Bing Liu (born 1963) is a Chinese-American professor of computer science who specializes in data mining, machine learning, and natural language processing. In 2002, he became a scholar at University of Illinois at Chicago.[1] He holds a PhD from the University of Edinburgh (1988).[2][3] His PhD advisors were Austin Tate and Kenneth Williamson Currie, and his PhD thesis was titled Reinforcement Planning for Resource Allocation and Constraint Satisfaction.[4]
He developed a mathematical model that can reveal fake advertising.[5] Also, he teaches the course "Data Mining" during the Fall and Spring semesters at UIC. The course usually involves a project and various quiz/examinations as grading criteria.
He is best known for his research on sentiment analysis (also called opinion mining), fake/deceptive opinion detection, and using association rules for prediction. He also made important contributions to learning from positive and unlabeled examples (or PU learning), Web data extraction, and interestingness in data mining.
Two of his research papers published in KDD-1998 and KDD-2004 received KDD Test-of-Time awards in 2014 and 2015. In 2013, he was elected chair of SIGKDD, ACM Special Interest Group on Knowledge Discovery and Data Mining.
Association rule-based classification takes into account the relationships between each item in a dataset and the class into which one is trying to classify that item.[6] The basis is that there are two classes, a positive class and a negative class, into which one classifies items.[6] Some classification algorithms only check if a case/item is in the positive class, without understanding how much exactly the probability of it being in that class is.[6] Liu and his collaborators described a new association rule-based classification algorithm that takes into account the relationship between items and the positive and negative classes.[6] Each item is given a probability or scoring of being in the positive class or the negative class. It then ranks the items as per which ones would be most likely to be in the positive class.[6]

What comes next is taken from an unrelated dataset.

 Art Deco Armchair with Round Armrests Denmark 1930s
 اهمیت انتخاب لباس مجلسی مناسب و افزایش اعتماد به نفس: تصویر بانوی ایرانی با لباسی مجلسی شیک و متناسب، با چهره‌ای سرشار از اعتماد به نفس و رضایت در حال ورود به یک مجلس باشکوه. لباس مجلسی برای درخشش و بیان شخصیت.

In a paper that Liu collaborated on, "Opinion Word Expansion and Target Extraction through Double Propagation", Qiu, Liu, Bu and Chen studied the relationship between opinion lexicons and opinion targets.[7] Opinion lexicons are word sets and opinion targets are topics on which there is an opinion.[7] The authors of that paper discuss how their algorithm uses a limited opinion word set with the topic and through double propagation, one is able to form a more detailed opinion word set on a set of sentences. Double propagation is the back and forth functional process between the word set and topic as the word set updates itself.[7] Some algorithms require set rules and thus are limited in what they can actually do and in what service they provide through updated opinion lists.[7] Their algorithm only requires an initial word set, which is updated through finding relations between the words in the set and the target word or vice versa.[7] The algorithm is done on a word population such as a set of sentences or a paragraph.[7]